Além de “DUCKWORTH.”, outras três músicas ajudam a dar o tom geral do álbum e transmitir essas incertezas. Em “FEEL.”, Kendrick discorre sobre, literalmente, todos esses sentimentos e incômodos que ele tem sentido, culminando no verso final, no qual ele deixa claro a sua principal preocupação: “eu sinto que todo o mundo quer que eu reze por eles / mas quem está rezando por mim?”.

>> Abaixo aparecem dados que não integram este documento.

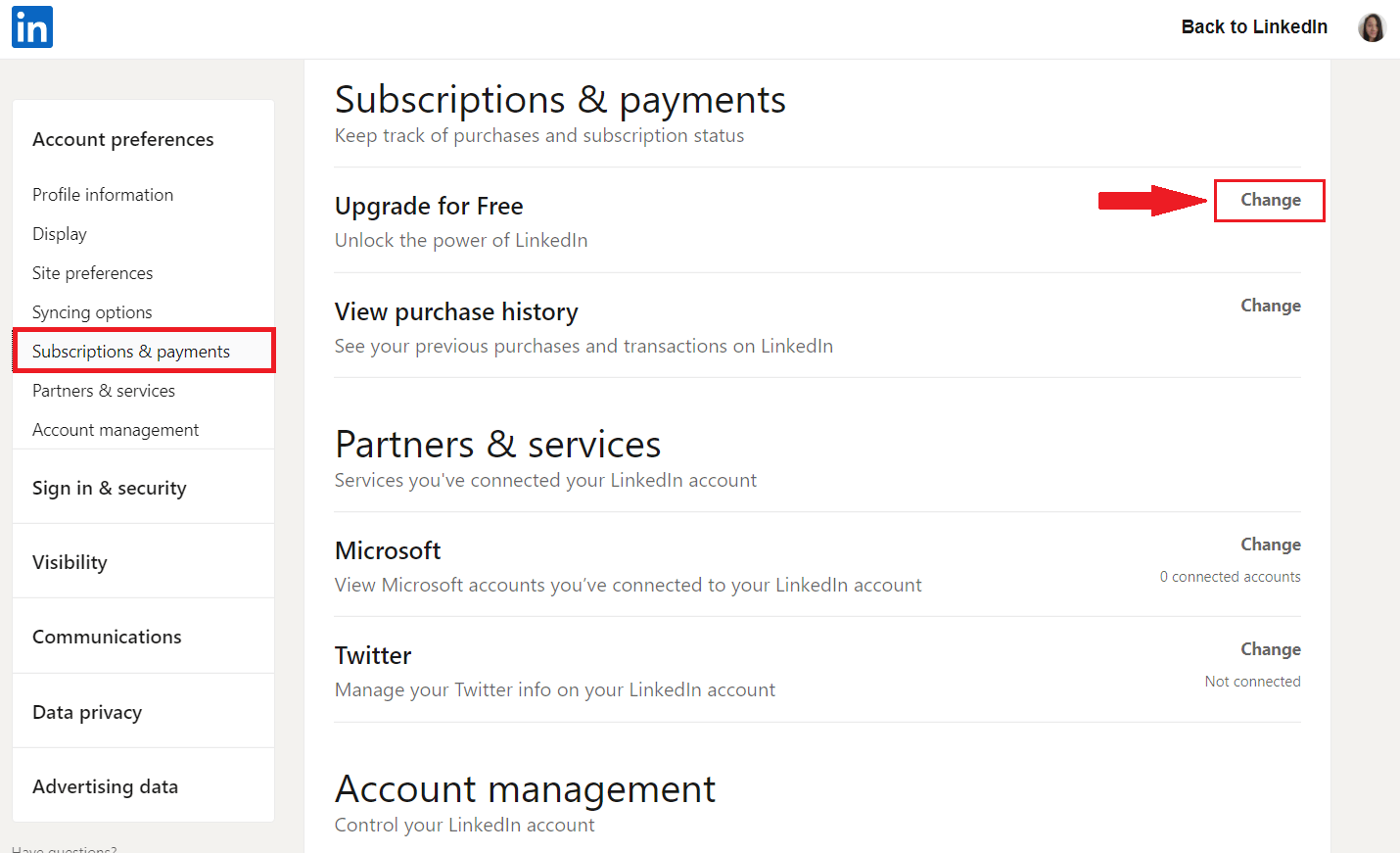 Image of Subscription and Payment option in LinkedIn account
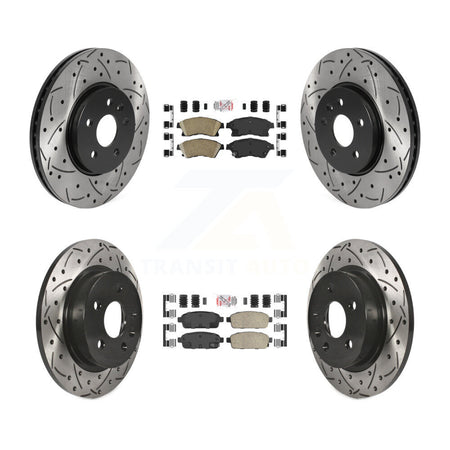 Front Rear Ceramic Pad Drilled Slot Disc Brake Rotor Kit For 2013-2014 Chevrolet Sonic RS KDA-101748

Essa ideia de que as pessoas esperam muito dele, volta em “XXX.”, quando um homem que teve seu filho assassinado liga para Kendrick em busca de conselho e redenção. O rapper, que normalmente assume uma postura anti-violência, derrama sua raiva verso após verso dizendo como ele mataria qualquer um que fizesse mal para sua família. Depois de tudo isso, ele encerra a “ligação”, pois tem que falar em uma conferência sobre conscientização e controle de armas — propositalmente irônico.
Mas entre todas as faixas, a que melhor esclarece o que Kendrick está tentando dizer em DAMN. é “FEAR.”. Durante sete minutos, ele fala sobre a evolução de seus medos aos sete, 17 e 27 anos. Passado o medo de apanhar dos pais e o medo de morrer, como tantos outros, o medo que o domina perto dos 30 é o de ser julgado — pois a imagem que o mundo tem dele reflete também na sua família, na sua cidade.
Ele acha que Deus está pregando uma peça nele ao lhe dar todo esse poder, essa influência, esse dinheiro. Ao mesmo tempo ele também sente que tem um distanciamento incorrigível com o divino. Algo que ele tenta entender melhor ao longo das 14 faixas do álbum e que é bem costurado no quarto verso dessa faixa.
Nele, enumera os seus medos (todos relacionados aos nomes das músicas de DAMN.) e que gravitam entre perder a criatividade, a lealdade, a humildade e ceder ao orgulho, pois “meu DNA não deixa eu me envolver na luz de Deus”.
Tudo se resume no embate entre a imagem que fazem dele e o que ele realmente é. É um conflito entre vontade e natureza de um mesmo sujeito. E, como Kendrick esclarece nos últimos momentos de “FEAR.”, se ele, afinal, está vivendo por meio do medo ou por meio do rap.